How to manipulate files inside Inetpub/wwwroot all day without being bugged by UAC
A lot has been written about UAC. Some choose to disable it. I chose not to and I'm doing just fine. At least, I don't have to type in my password on every prompt like on some other OS that likes to mock us on TV ;)
Anyway, the one place where UAC has been really annoying to me as a web developer is that any file manipulation in Inetpub requires validation by default (and that's legitimate, it's not a directory that you want rogue processes to be able to easily modify). I tend to be in that directory a lot.

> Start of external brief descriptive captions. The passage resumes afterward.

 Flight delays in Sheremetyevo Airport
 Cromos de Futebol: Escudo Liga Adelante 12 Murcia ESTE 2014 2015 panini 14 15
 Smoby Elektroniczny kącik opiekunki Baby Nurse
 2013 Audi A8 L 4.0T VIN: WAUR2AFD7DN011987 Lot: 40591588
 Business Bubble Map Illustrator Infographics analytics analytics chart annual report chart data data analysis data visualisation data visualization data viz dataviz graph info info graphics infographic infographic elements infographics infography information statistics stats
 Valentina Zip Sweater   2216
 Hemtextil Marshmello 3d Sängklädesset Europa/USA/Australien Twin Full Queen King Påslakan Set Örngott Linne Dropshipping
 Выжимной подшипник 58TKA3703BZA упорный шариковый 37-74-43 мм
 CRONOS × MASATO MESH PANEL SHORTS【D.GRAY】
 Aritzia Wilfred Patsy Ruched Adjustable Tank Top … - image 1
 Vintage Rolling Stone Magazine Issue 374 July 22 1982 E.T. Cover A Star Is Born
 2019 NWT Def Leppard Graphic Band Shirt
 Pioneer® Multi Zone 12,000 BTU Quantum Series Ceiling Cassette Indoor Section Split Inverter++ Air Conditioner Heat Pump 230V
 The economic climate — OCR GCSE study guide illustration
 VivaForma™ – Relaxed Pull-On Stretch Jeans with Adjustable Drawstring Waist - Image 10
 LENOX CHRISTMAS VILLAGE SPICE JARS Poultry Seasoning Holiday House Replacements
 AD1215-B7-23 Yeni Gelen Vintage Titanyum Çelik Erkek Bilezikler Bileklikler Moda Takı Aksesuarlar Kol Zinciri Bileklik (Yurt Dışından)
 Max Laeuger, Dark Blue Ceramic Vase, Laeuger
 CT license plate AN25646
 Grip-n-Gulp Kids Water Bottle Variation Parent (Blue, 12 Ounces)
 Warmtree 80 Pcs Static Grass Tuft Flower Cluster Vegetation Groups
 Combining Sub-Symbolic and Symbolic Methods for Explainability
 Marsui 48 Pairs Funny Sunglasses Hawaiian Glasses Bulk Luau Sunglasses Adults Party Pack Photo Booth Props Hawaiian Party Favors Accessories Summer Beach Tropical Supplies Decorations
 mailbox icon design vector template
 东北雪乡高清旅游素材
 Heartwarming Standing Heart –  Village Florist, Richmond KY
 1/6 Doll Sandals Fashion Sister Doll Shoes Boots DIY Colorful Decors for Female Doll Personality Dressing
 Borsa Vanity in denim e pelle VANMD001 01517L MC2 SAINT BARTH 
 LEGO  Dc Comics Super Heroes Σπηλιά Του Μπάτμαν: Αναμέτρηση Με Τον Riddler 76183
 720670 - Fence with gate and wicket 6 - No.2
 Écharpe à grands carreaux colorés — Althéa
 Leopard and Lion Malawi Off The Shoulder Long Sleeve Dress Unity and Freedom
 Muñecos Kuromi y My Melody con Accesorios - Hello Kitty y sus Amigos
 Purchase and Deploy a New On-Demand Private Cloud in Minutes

So I was talking about that with Nikhil yesterday and we were wondering if running the Windows Explorer as administrator would fix the problem. At first, it looks like it doesn't, but Nikhil then mentioned that Explorer was probably not actually running as admin because all Explorer windows run under a single process by default. So I went to the folder options (press alt while in Explorer, choose tools/folder options) and activated "launch folder windows in a separate process" in the "view" tab. An Explorer launched as an administrator from this moment on will enable you to do all file manipulations without UAC prompts.
Hope this helps.
UPDATE: Dean suggested in the comments giving rights to your user acount on the directory. That works too, but it means that you're permanently disabling UAC on that directory for *all* applications that run under your identity. That may be fine depending on the value you attach to Inetpub contents. For example, don't do that on a production, public-facing machine (but the above method should probably not be used either in this situation). The method I expose above also exposes the system to shell extensions that you may have installed on the machine, so check those and only use trusted ones I suppose, or don't do this if unsure.